Yesterday we had an important technical issue. After being unstable for one hour, the Echoz.ro platform crashed and was unavailable for few hours after.
This happened during an unusual (for us) traffic spike caused by an marketing article published on a well-known romanian blog. When the crash happened, the publisher was kind enough to un-publish the article thus allowing us to handle the issue without the extra burden caused by a constant stream of people complaining.
I wrote this article in order to explain why the problems appeared and to sincerely apologize. I know we missed a chance to make a good first impression to a lot of people who never heard about us.

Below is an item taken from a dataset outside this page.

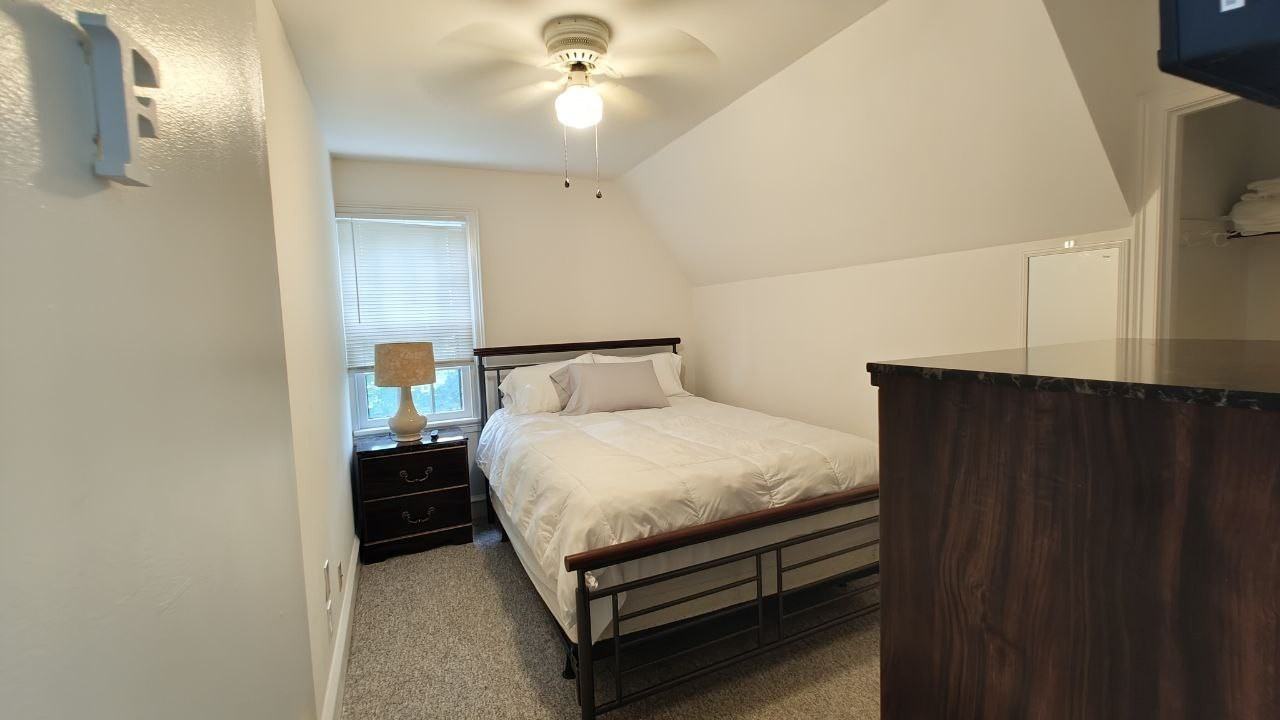 1401 Beech Avenue - Photo 2 of 10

We are bootstrapped, funded by personal income stream, so we don’t have a lot of resources available. We know the platform has some bugs. We consider them unimportant as they don’t affect the main functionalities of the platform, and we prefer to redirect the few resources we have in order to try to achieve a healthy business growth. However, yesterday we were caught unprepared. We didn’t give enough attention to the most important thing of all, the thing that makes all others irrelevant: the infrastructure. As I explained in the technical details part (bellow), this lack of attention to the infrastructure came and bite us in the ass.
I am sorry and I apologize for the problems we might caused.

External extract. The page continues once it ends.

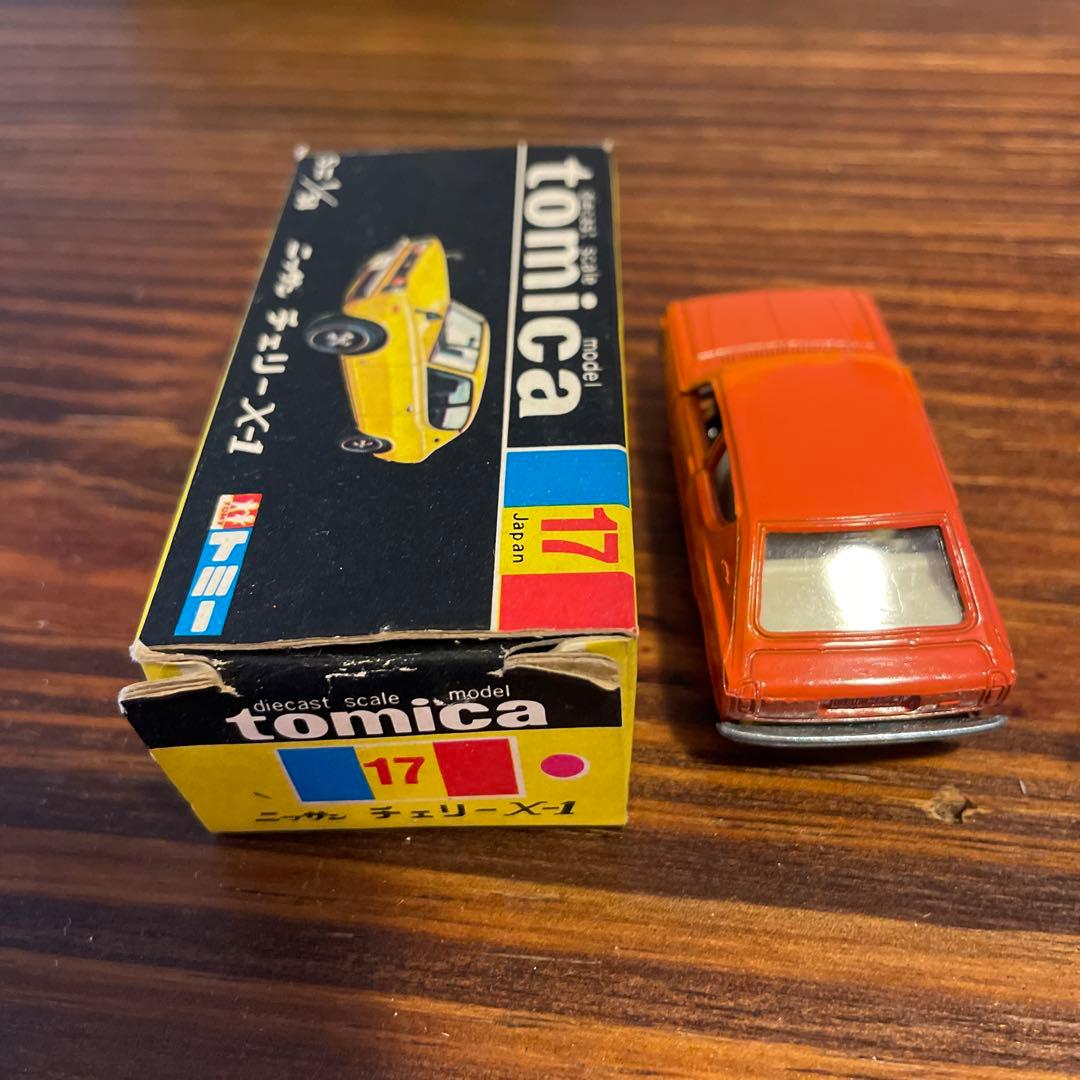 トミカ　ニッサン　チェリーX-1 黒箱17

However, I was very happy to receive an email notification, exactly during the downtime, in which a customer company was letting us know they just hired someone by our solution. I immediately let the affiliate know they won a 500 euros commission on this hire. In the middle of the chaos this let a big smile on my face. Regarding the current situation, we did a good job and will continue to do so.
Yesterday the platform was hosted on AWS (Amazon Web Services), on a small server instance. Actually, it was hosted on two small server instances, in order to provide redundancy (if one of them fails, the user will be redirected to the other one without even realizing) and load-balancing (if a lot of users use the platform in the same time, some of them will be redirected to one of the server instances, some on the other).

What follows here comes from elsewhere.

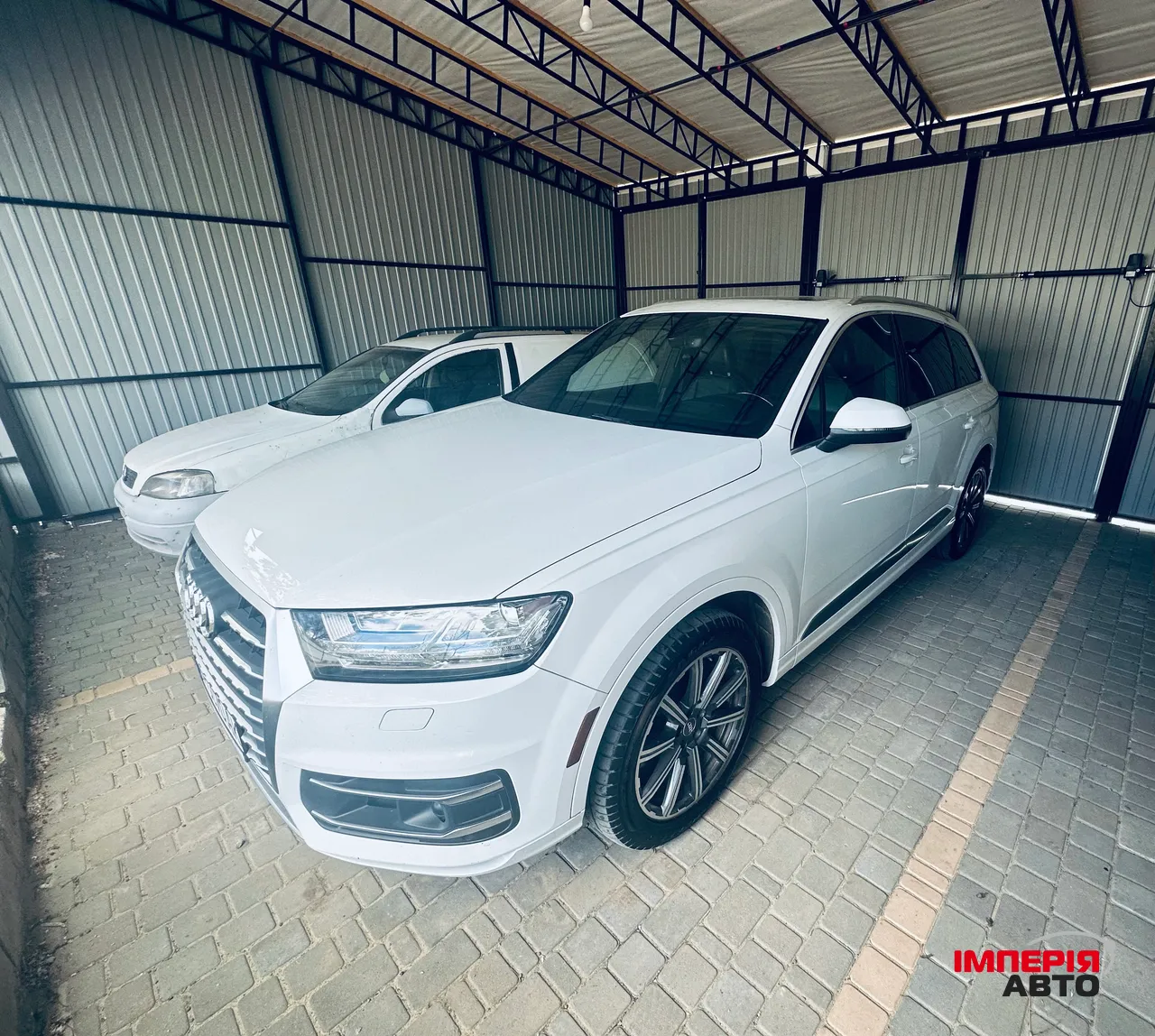 Audi Q7 - фото 5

This server is also auto-scalable. What this means is, when a spike in traffic appears, some new instances are created to serve these requests. We (wrongfully) assumed that this means we’ll be able to cope with traffic spikes successfully. However, it seams that the way AWS handles this is to create new server instances, but the same size (power) as the original one. So our load-balancer was balancing at the peak time between four server instances with no enough computing power to handle the request.
In our opinion, this is useless in case of heavy unexpected traffic spikes. What we actually needed it was more computing power. We didn’t actually test heavy loads on traffic and, as you see, we come to regret it.
As an immediate measure, we increased the servers instances to large ones. We are also starting to do stress-tests on “similar to live” server in order to prevent future issues.